Russian President Vladimir Putin has told German Chancellor Angela Merkel that the Crimea breakaway referendum currently underway is "legal".

The Kremlin said in a statement that the Russian leader maintained that the will of Crimea's population is being implemented "in full compliance with international law".

Putin's comments come after Russia vetoed a draft UN resolution criticising Sunday's referendum, which asks Crimeans if they want to re-join Russia. A second question asks whether Ukraine should return to its status under the 1992 constitution.

Voting across Crimea started at 8am local time (6am GMT) on Sunday and will close at 8pm.
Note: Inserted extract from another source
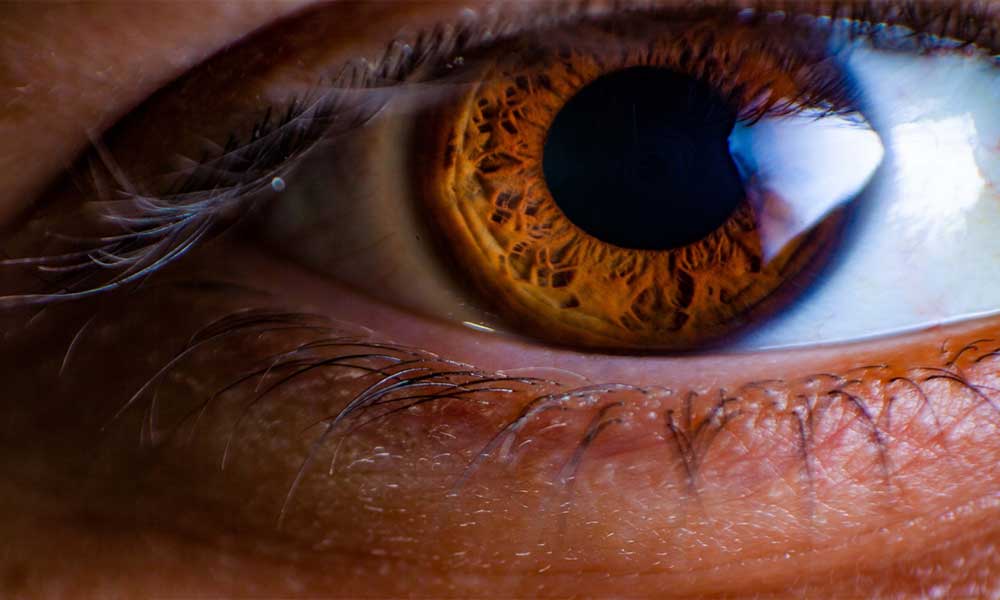 What is iridology?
There are reports of a high turnout at polling stations in Crimea's capital Simferopol and Bakhchisaray.

Election official Mykhaylo Malyshev said there has been a "record-breaking turnout of 44.27% after six hours of voting". Observers expect voters overwhelmingly to support leaving Ukraine, although the Tartar Muslim minority community said it would boycott the vote.

According to a poll by German research group GfK, 70% of Crimeans who want to take part in the referendum plan to vote to join Russia, while 11% want to remain part of Ukraine.

Ethnic Russians make up a clear majority in Crimea (58.5%), and around 1.5m voters are eligible to cast their ballots. The first results are expected to be released shortly after the referendum.

A woman casts her ballot in the Crimea referendum while holding a Russian flag.
A woman casts her ballot in the Crimea referendum while holding a Russian flag. Reuters

Casting his ballot, Crimea's pro-Russian Prime Minister Sergei Aksyonov said the vote was progressing well.

"As you can see, people are voting freely," he told the Interfax news agency. "There are no problems at polling stations. I don't feel or see that any pressure is being applied."

The state news agency reported that more than 1,000 people are at a pro-Russian rally in Donetsk and several cars are driving around the city with signs reading "referendum".

The city of Saint Petersburg closed down its main street for a car rally organised by conservative parties in support of the Crimean referendum, while in Moscow, at least 10,000 people took part in an anti-intervention rally on Saturday.

Kiev accused Russian forces of seizing a village north of Crimea and demanded their withdrawal. Ukraine's foreign ministry said 80 military personnel supported by four helicopter gunships and three armoured vehicles captured the village of Strilkove.

On Sunday, Kiev and Russia agreed on a truce in Crimea until 21 March. Ukraine's acting defence minister Ihor Tenyukh told reporters: "No measures will be taken against our military facilities in Crimea during that time. Our military sites are therefore proceeding with a replenishment of reserves."